- Poster
- Directed by: Robert B. Weide; Don Argott;
- Written by: Robert B. Weide
- Produced by: Robert B. Weide
- Starring: Kurt Vonnegut Robert B. Weide
- Edited by: William Neal; Bo Price; Demian Fenton;
- Music by: Alex Mansour
- Production companies: 9.14 Pictures; Whyaduck Productions;
- Distributed by: IFC Films
- Release date: November 11, 2021 (DOC NYC);
- Country: United States
- Language: English

= Kurt Vonnegut: Unstuck in Time =

American documentary

Kurt Vonnegut: Unstuck in Time is a 2021 American documentary film, directed by Robert B. Weide.

== Synopsis ==
The film tells the story of Kurt Vonnegut's life and work. At the same time, it explores the process of making this film, which started 40 years earlier.

== Cast ==
The cast includes Jerome Klinkowitz, Sidney Offit, Morley Safer, Daniel Simon, and David L. Ulin.
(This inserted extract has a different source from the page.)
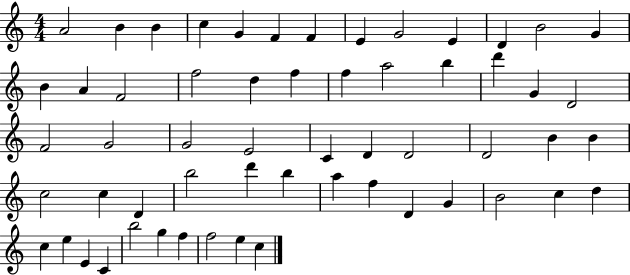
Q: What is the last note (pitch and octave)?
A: C5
== Release and reception ==
The film premiered at the 2021 DOC NYC film festival. In a review in The Hollywood Reporter, Angie Han wrote, "does, in the end, feel like a true act of friendship. If that isn’t nice, what is?" IndieWire's review, commented that the film "is at its best during the occasional stretches in which it candidly unpacks its own creation."